Bear Swamp State Forest locator map

Bear Swamp State Forest covers 3,411 acres. A large wetland and creek bisect the forest for those who love to paddle.

Bear Swamp also offers a 14.3-mile multiple use trail system. All trails are designated by color and are marked with circular DEC trail marker signs (see map above and descriptions below). The trails have been designed to offer family-based cross-country skiing, hiking, horseback riding and mountain biking. Trails are available to serve beginners and intermediate users. There are 12.5 miles of snowmobile trails on Bear Swamp State Forest. The trails include 2.5 miles of corridor trail and the 10-mile Bear Swamp/Ridge Road loop trail.

Featured Activities

Hiking

hiking

General information on hiking includes how-to and safety tips and links to rules & regulations. Multiple trails allow for hiking.

The property offers 3 main hiking loops: the blue, red and yellow trails. See descriptions below.
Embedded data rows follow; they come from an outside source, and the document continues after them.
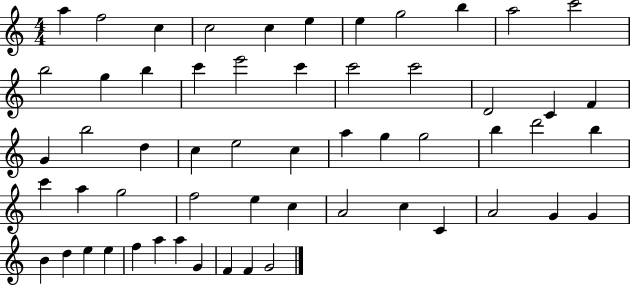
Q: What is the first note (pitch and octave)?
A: A5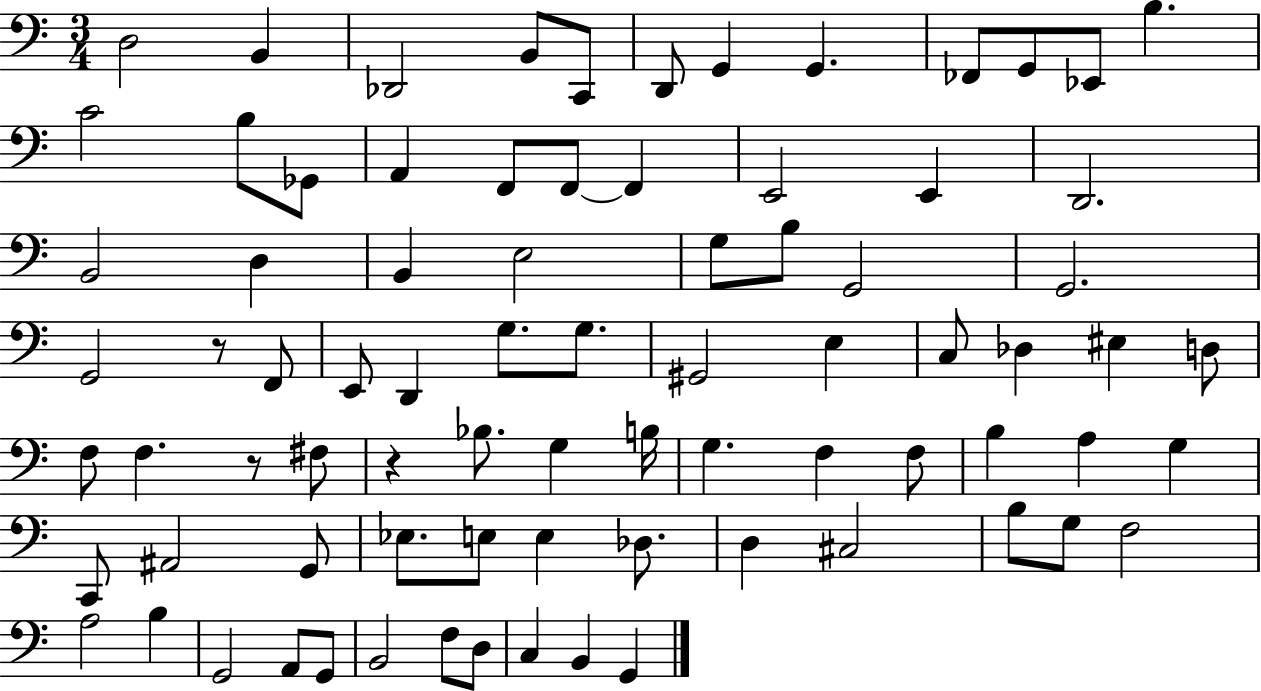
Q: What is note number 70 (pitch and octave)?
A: A2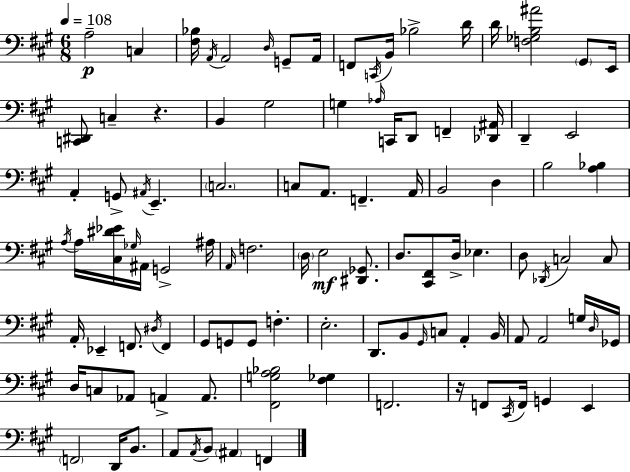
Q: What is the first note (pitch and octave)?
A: A3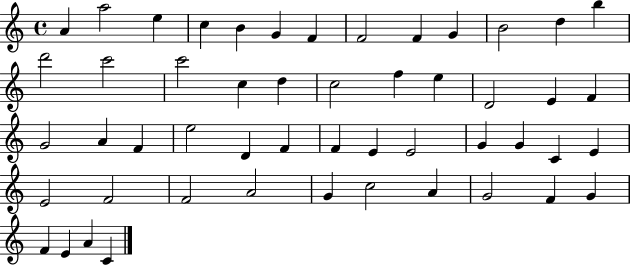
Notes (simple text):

A4/q A5/h E5/q C5/q B4/q G4/q F4/q F4/h F4/q G4/q B4/h D5/q B5/q D6/h C6/h C6/h C5/q D5/q C5/h F5/q E5/q D4/h E4/q F4/q G4/h A4/q F4/q E5/h D4/q F4/q F4/q E4/q E4/h G4/q G4/q C4/q E4/q E4/h F4/h F4/h A4/h G4/q C5/h A4/q G4/h F4/q G4/q F4/q E4/q A4/q C4/q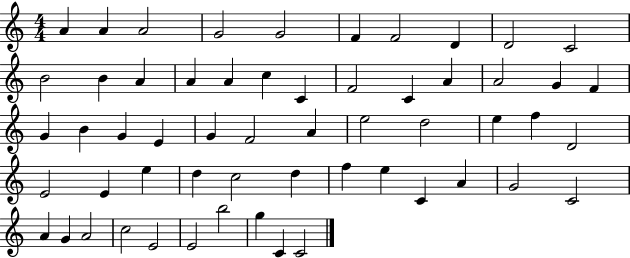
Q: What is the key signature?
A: C major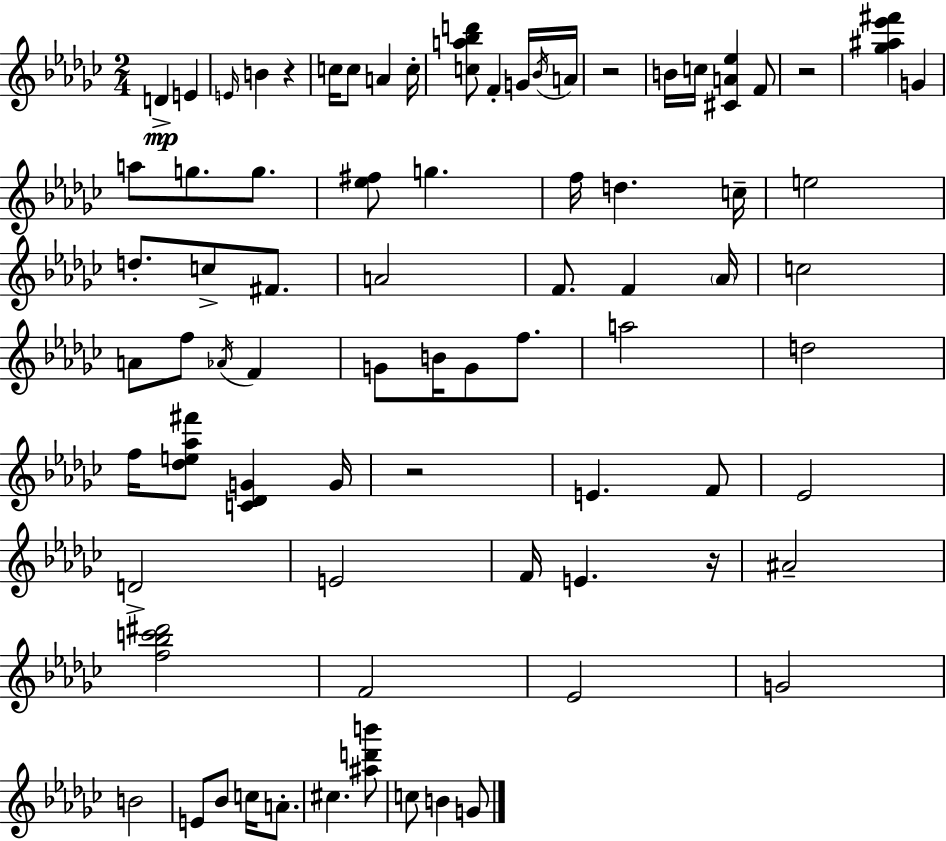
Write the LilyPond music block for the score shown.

{
  \clef treble
  \numericTimeSignature
  \time 2/4
  \key ees \minor
  d'4->\mp e'4 | \grace { e'16 } b'4 r4 | c''16 c''8 a'4 | c''16-. <c'' a'' bes'' d'''>8 f'4-. g'16 | \break \acciaccatura { bes'16 } a'16 r2 | b'16 c''16 <cis' a' ees''>4 | f'8 r2 | <ges'' ais'' ees''' fis'''>4 g'4 | \break a''8 g''8. g''8. | <ees'' fis''>8 g''4. | f''16 d''4. | c''16-- e''2 | \break d''8.-. c''8-> fis'8. | a'2 | f'8. f'4 | \parenthesize aes'16 c''2 | \break a'8 f''8 \acciaccatura { aes'16 } f'4 | g'8 b'16 g'8 | f''8. a''2 | d''2 | \break f''16 <des'' e'' aes'' fis'''>8 <c' des' g'>4 | g'16 r2 | e'4. | f'8 ees'2 | \break d'2-> | e'2 | f'16 e'4. | r16 ais'2-- | \break <f'' bes'' c''' dis'''>2 | f'2 | ees'2 | g'2 | \break b'2 | e'8 bes'8 c''16 | a'8.-. cis''4. | <ais'' d''' b'''>8 c''8 b'4 | \break g'8 \bar "|."
}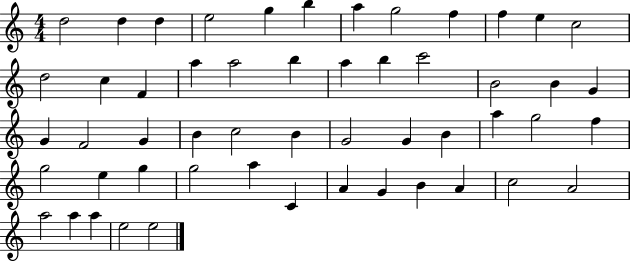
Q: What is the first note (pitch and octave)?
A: D5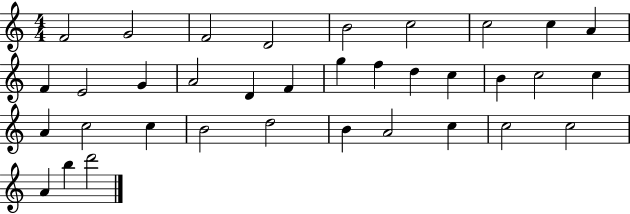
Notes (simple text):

F4/h G4/h F4/h D4/h B4/h C5/h C5/h C5/q A4/q F4/q E4/h G4/q A4/h D4/q F4/q G5/q F5/q D5/q C5/q B4/q C5/h C5/q A4/q C5/h C5/q B4/h D5/h B4/q A4/h C5/q C5/h C5/h A4/q B5/q D6/h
  • The blue trail is 4.3 miles long and crosses the northern section of the property.
  • The red trail is 3.6 miles long and traverses the western portion of the property.
  • The yellow trail is 6.4 miles long and follows the eastern and southeastern areas of the property.

Paddling

paddling

General information on paddling includes how-to and safety tips and links to rules & regulations

Informal parking is available along road shoulders.

Camping

primitive camping

General information on primitive camping includes how-to and safety tips and links to rules & regulations

At-large primitive camping is allowed. Campsites must be at least 150 feet away from the nearest road, trail, or body of water. Camping for more than three nights or in groups of ten or more requires a permit from a Forest Ranger.

Biking

mountain biking

General information on biking includes how-to and safety tips and links to rules & regulations

Multiple trails on Bear Swamp State Forest allow for mountain biking.

Fishing

fishing

General information on fishing includes how-to and safety tips and links to seasons, rules & regulations

Fishing access maps are available. Fishing easement maps are available

Hunting & Trapping

hunting
trapping

General Information on hunting and general information on trapping includes how-to and safety tips with links to seasons, rules & regulations

Hunting and trapping are allowed during appropriate seasons.

Snowmobiling

snowmobiling

General information on snowmobiling includes how-to and safety tips and links to rules & regulations

Cross-country Skiing & Snowshoeing

snowshoeing
cross country skiing

General information on cross-country skiing and snowshoeing includes how-to and safety tips and links to rules & regulations

Cross-country skiing and snowshoeing are permitted on all multiple use trails.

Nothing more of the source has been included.